> [About this task]: A stretch of the entries below is to be set down exactly, running from the line with "Bolsonaro tem 53%" through the line with "Продам трехкомнатную (3-комн.)", both included, and no other line.

> [Records provided]:
────────────────────

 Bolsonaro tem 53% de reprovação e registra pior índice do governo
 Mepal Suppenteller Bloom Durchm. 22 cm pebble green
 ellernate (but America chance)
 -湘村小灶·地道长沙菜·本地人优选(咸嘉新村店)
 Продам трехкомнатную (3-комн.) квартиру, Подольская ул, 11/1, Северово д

────────────────────

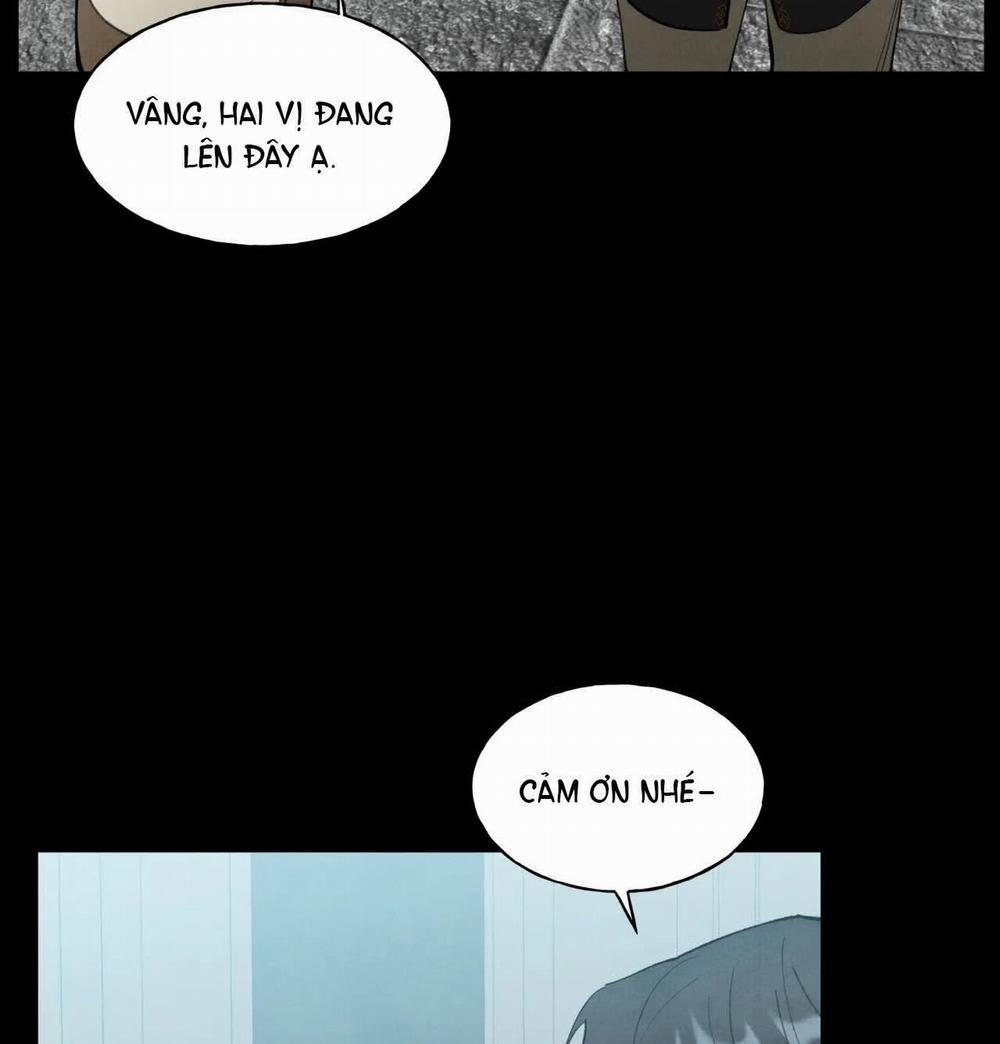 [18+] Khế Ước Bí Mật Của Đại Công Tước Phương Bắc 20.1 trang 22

────────────────────

> [Result for this task]:
 Bolsonaro tem 53% de reprovação e registra pior índice do governo
 Mepal Suppenteller Bloom Durchm. 22 cm pebble green
 ellernate (but America chance)
 -湘村小灶·地道长沙菜·本地人优选(咸嘉新村店)
 Продам трехкомнатную (3-комн.) квартиру, Подольская ул, 11/1, Северово д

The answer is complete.